IUVSTA 15th International Vacuum Congress (IVC-15), AVS 48th International Symposium (AVS-48), 11th International Conference on Solid Surfaces (ICSS-11)
    Biomaterials Tuesday Sessions
       Session BI-TuA

Paper BI-TuA10
Theoretical Prediction of the Enthalpic and Entropic Contributions of the Change in Gibbs Free Energy for Peptide Residue Adsorption onto Functionalized SAM Surfaces

Tuesday, October 30, 2001, 5:00 pm, Room 102

Session: Non Fouling Surfaces and Theoretical Concepts
Presenter: R.A. Latour, Clemson University
Correspondent: Click to Email

The thermodynamic energy contributions of the change in enthalpy (dH) and entropy (dS), and their summation to calculate the change in Gibbs free energy (dG), provide a very useful tool to predict complex biomolecular behavior. This approach has been successfully applied to address a wide range of biomolecular problems such as the prediction of protein and RNA folding and ligand-receptor binding for rational drug design. A similar approach holds great potential to be applied to understand and predict the adsorption behavior of proteins to synthetic surfaces.

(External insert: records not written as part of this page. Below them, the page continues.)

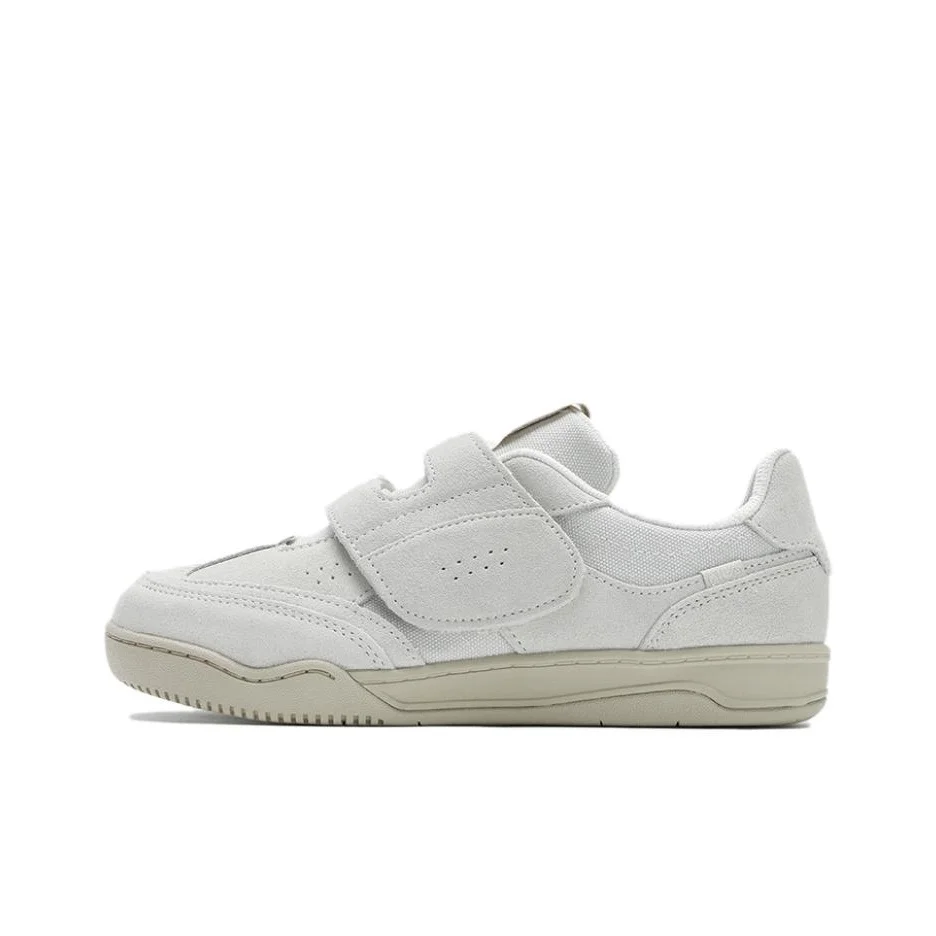 FILA Slantshot 98/23 VC Sticker Shoes Low top Skateboard Shoes Women's Tofu White F12W512228FTF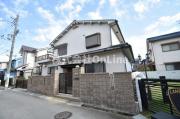 東弓削3丁目戸建て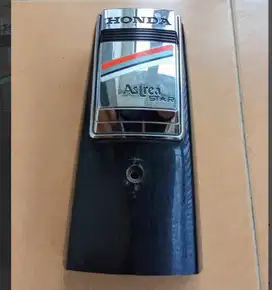 Kempol depan + Emblem motor Honda Star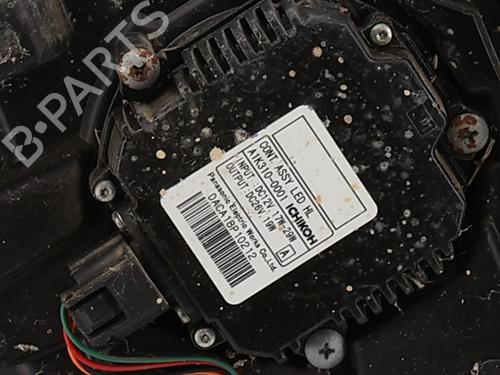 Right headlight NISSAN LEAF (ZE0) Electric | BP37007662C29 - Image 2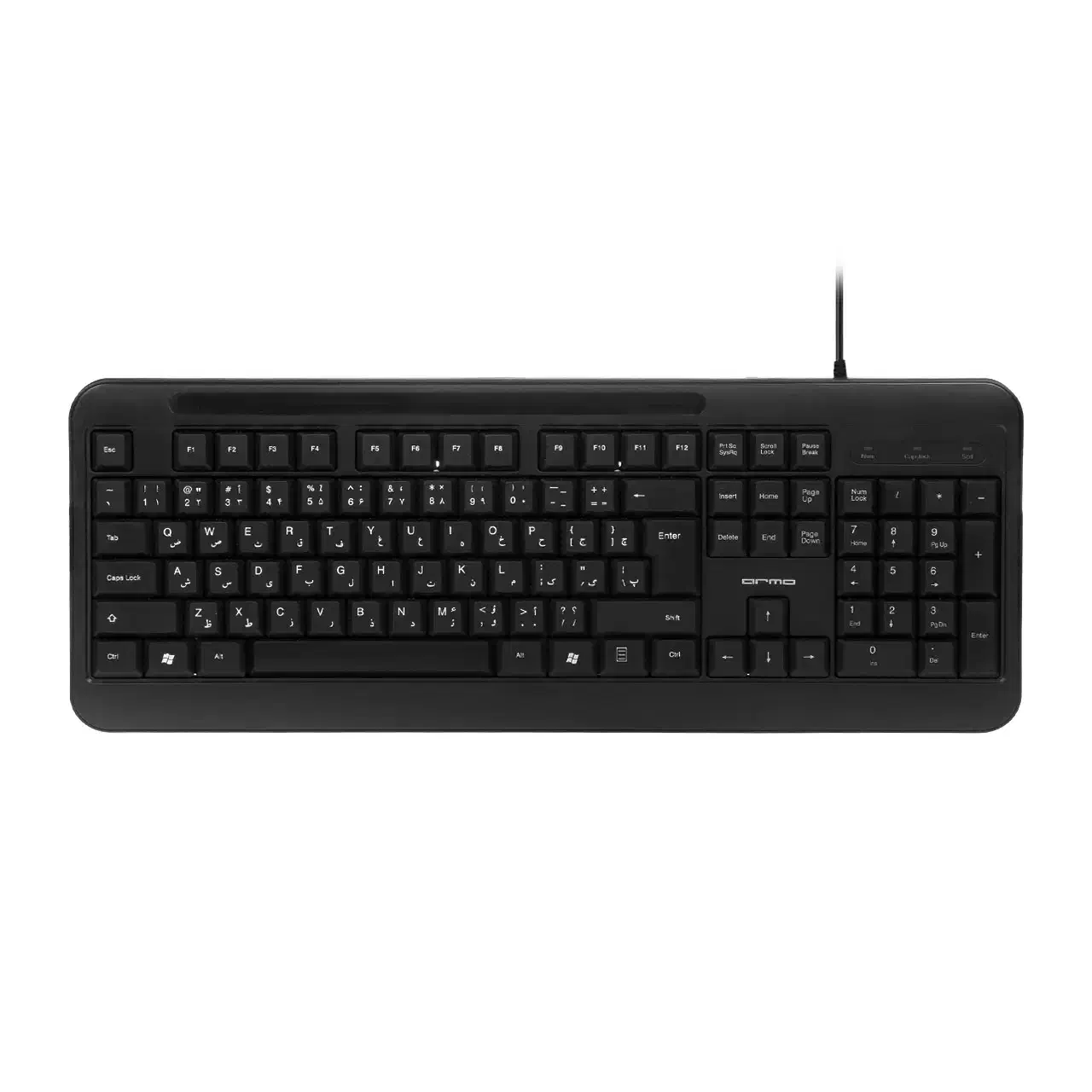 کیبورد|قطعات و لوازم جانبی رایانه|قم, نخودی|دیوار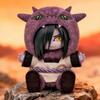 Горячий EAKI Наруто Виниловая Плюшевая Слепая Коробка Shippuden Вечеринка Серия V2 Набитая Плюшевая Фигурка Сумка Подвеска Украшение Кукла Игрушка Подарок на День Рождения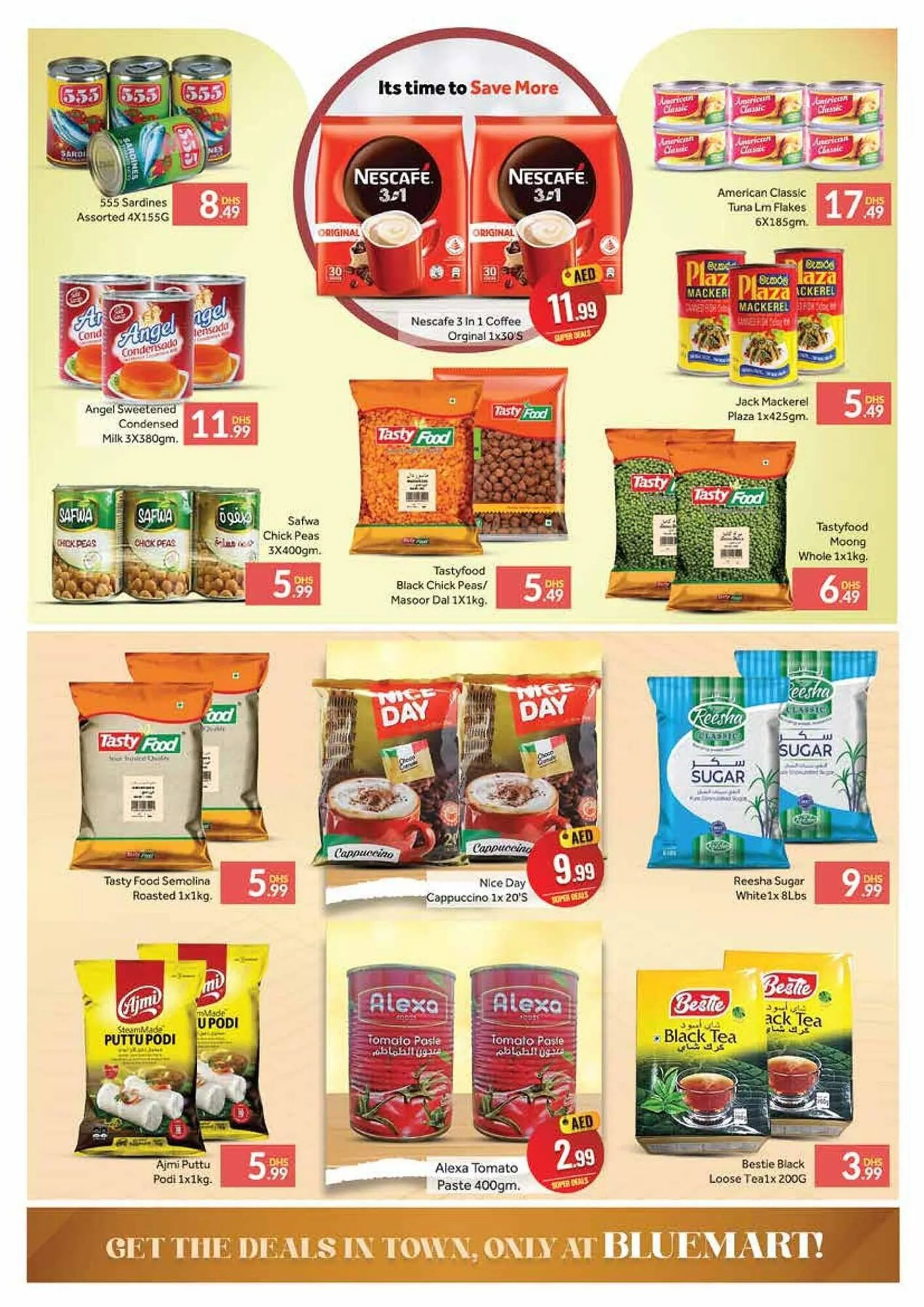 Bluemart catalogue from 30 August to 2 September 2024 - Offers page 10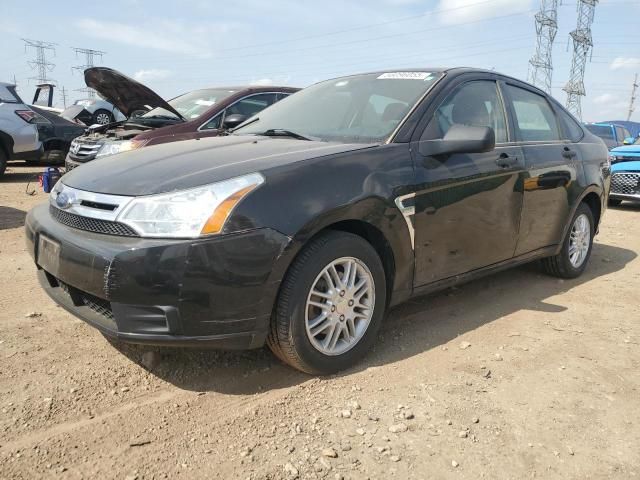 2008 Ford Focus SE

A protein is composed of specific sequences of peptide residues arranged in a well-defined structural organization. Protein-surface adsorption can be expressed as a set of intermolecular (residue-surface) and intramolecular (residue-residue) interactions with the minimization of these energetic contributions determining the final conformation and orientation of adsorbed protein. In this study, computation chemistry (MOPAC/PM3/COSMO) was combined with wetting data to predict dH, dS, and dG contributions for the adsorption of individual peptide residues (alanine, serine, lysine) on functionalized SAM surfaces (methyl, hydroxyl, carboxyl) as a function of surface separation distance (SSD). The results are in close agreement with other more generalized continuum-based theories of adsorption and predict how dH and dS from residue/surface and solvent restructuring effects contribute uniquely for each residue/surface pair. These results will serve as the foundational building blocks of more advanced treatments to quantitatively predict protein adsorption behavior with subsequent application for biomaterials surface design.